What about Iraq, you may ask? What good could possibly emerge from the war? Well, I don't think anything good will happen for us, today. All options look terrible, both for Iraqis and for the U.S. Leaving aside the moral outrage of our aggression, from a purely Machiavellian viewpoint invading Iraq was insane. Not a "strategic miscalculation," but pure foolishness:

- Saddam's power was already contained by American air power and economic sanctions.
- Saddam, while brutal against political and ethnic rivals, did one thing very difficult to do in that country: he kept order.
- Saddam's regime helped maintain a balance of power in the region, as a check on Iranian power and influence.
- There never was any proof that Saddam had an operational WMD program; invading would be disastrous to American prestige, credibility, and diplomatic pull.

We're in, and the way out, while still the best and necessary option, is still a grim one. As Pat Buchanan says,
Terrorists could wind up with a safe haven in western Iraq not unlike Osama bin Laden's old base camp in Afghanistan pre-9/11.

The other potential consequences? The breakup of Iraq, a Shia-Sunni bloodbath spreading across the Middle East, the massacre of the men and women who cast their lot with America, a Turkish invasion of Kurdistan, an Islamic perception the United States had been routed and a Shia-dominated Iraq under the influence of Iran.

This would be a strategic disaster that would demoralize our few remaining friends in the region and embolden our enemies. It would be a victory for bin Laden, al-Qaida and Islamists greater than the expulsion of the Soviet Union from Afghanistan.

There are bad days ahead in any case. Their number and severity will depend on how soon we get out of Iraq and face them. The sooner, the better.

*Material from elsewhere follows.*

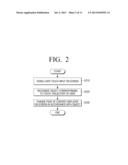 DISPLAY APPARATUS AND IMAGE REPRESENTATION METHOD USING THE SAME diagram and image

So, what good can come from all this? The good will be seen in other parts of the world, and in the future. Ronald Reagan said, "History teaches that war begins when governments believe the price of aggression is cheap." It was obviously the belief of Bush, Cheney, Rumsfeld, et. al. that the price of invading Iraq would be cheap. They were wrong. But from this, other countries are learning that war, particularly invasion and conquest, just isn't worth it. As Steve Sailer writes,
The perceived cost of holding a conquest has skyrocketed. There just aren't that many empty spots on the map anymore.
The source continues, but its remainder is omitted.